Section 21(1) personal privacy exemption no longer an issue

[8] As described in Interim Order MO-4219-I, OPG claimed in its decision (in the alternative to its other claims) that the termination/severance allowance is exempt under the mandatory personal privacy exemption in section 21(1). [1]

[9] Section 21(1) is a mandatory exemption that has the purpose of ensuring that the privacy of individuals is maintained except where infringements on this interest are justified. [2] There is no dispute that the severance amount is financial information pertaining to a former OPG employee that OPG says, and I agree, is his personal information within the meaning of section 2(1) of the Act.

[10] As part of my inquiry, I notified the former employee of the appeal and invited him to submit representations regarding the potential disclosure of his personal information.

[11] The employee provided his unqualified written consent to disclosure of the amount of his termination/severance allowance.

[12] Because section 21(1)(a) provides an exception to the exemption in section 21(1) where there the affected party has provided “prior written consent,” and because the former employee provided his written consent, OPG withdrew its reliance on the section 21(1) privacy exemption. Because of the employee’s written consent, the severance amount is not exempt under section 21(1).

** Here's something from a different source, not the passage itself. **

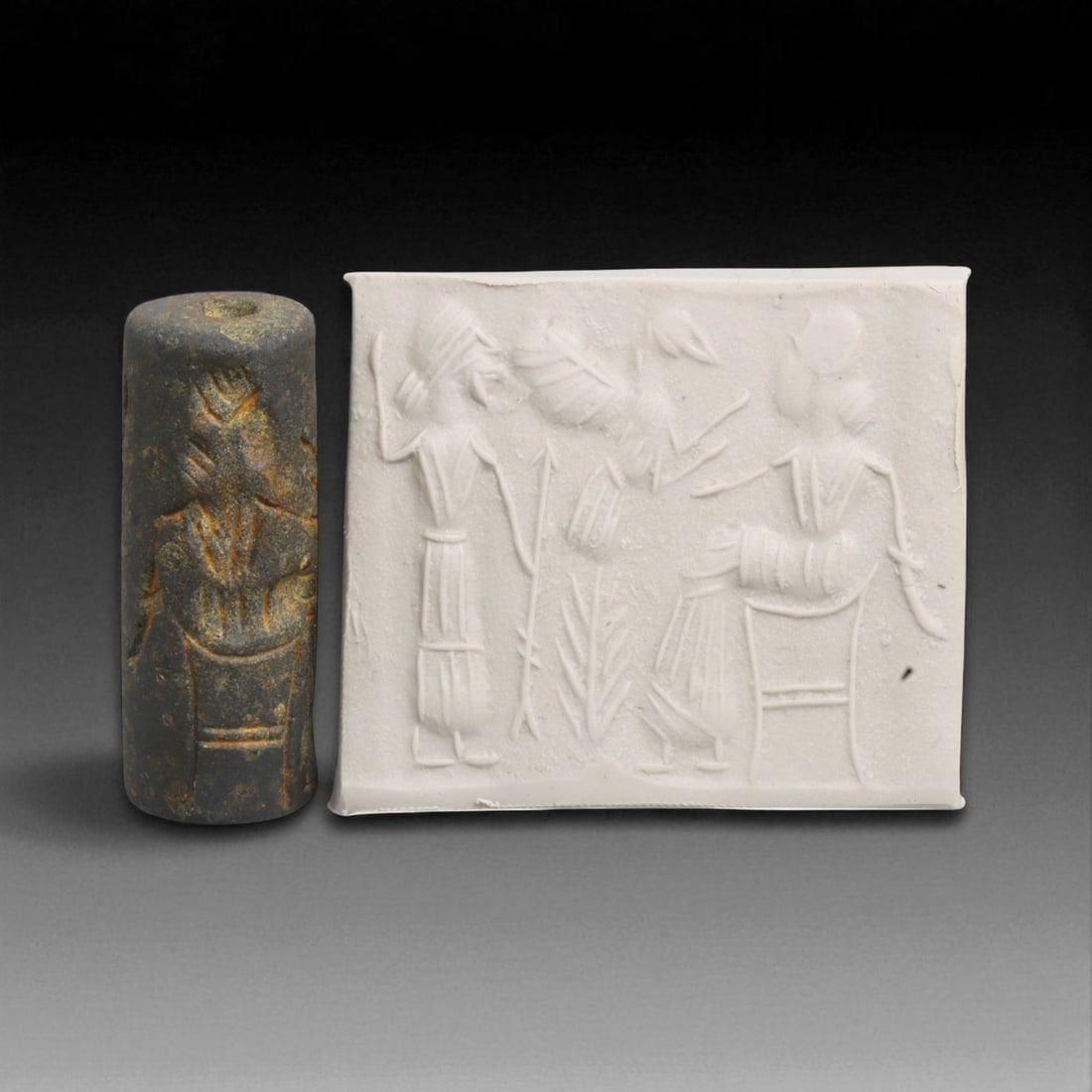 Ancient Mesopotamian Administrative Cylinder Seal, c. 2nd-1st Millennium BCE, 16g, 50H: This authentic cylinder seal from ancient Mesopotamia dates to the 2nd to 1st millennium BCE, a time when the art of carving miniature narratives on stone reached remarkable levels of refinement. Seal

[13] Accordingly, in this order, I will address only the remaining outstanding issues, which are whether the termination/severance amount is excluded from the Act under section 65(6), and if not, whether it is exempt under section 18(1)(c).

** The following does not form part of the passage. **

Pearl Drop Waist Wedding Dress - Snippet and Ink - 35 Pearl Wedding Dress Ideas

[14] For the reasons that follow, I find that the termination/severance amount is not excluded from the Act because this amount derives from a severance agreement and, as such, the exception to the exclusion in section 65(7)3 applies. I also find that the termination/severance amount is not exempt under section 18(1)(c) and order that it be disclosed to the appellant.

RECORD:

[15] The record is a one-page Word document prepared by OPG that sets out the termination/severance amount paid to the former employee.

[16] For the balance of this order, I will refer to this as the severance amount, because this is the only information contained in the record.

ISSUES:

  1. Does the labour relations and employment exclusion in section 65(6) exclude the severance amount from the Act?
  2. Does the discretionary exemption at section 18(1)(c) for economic and other interests of the institution apply to the severance amount?

DISCUSSION:

Issue A: Does the labour relations and employment exclusion in section 65(6) exclude the severance amount from the Act?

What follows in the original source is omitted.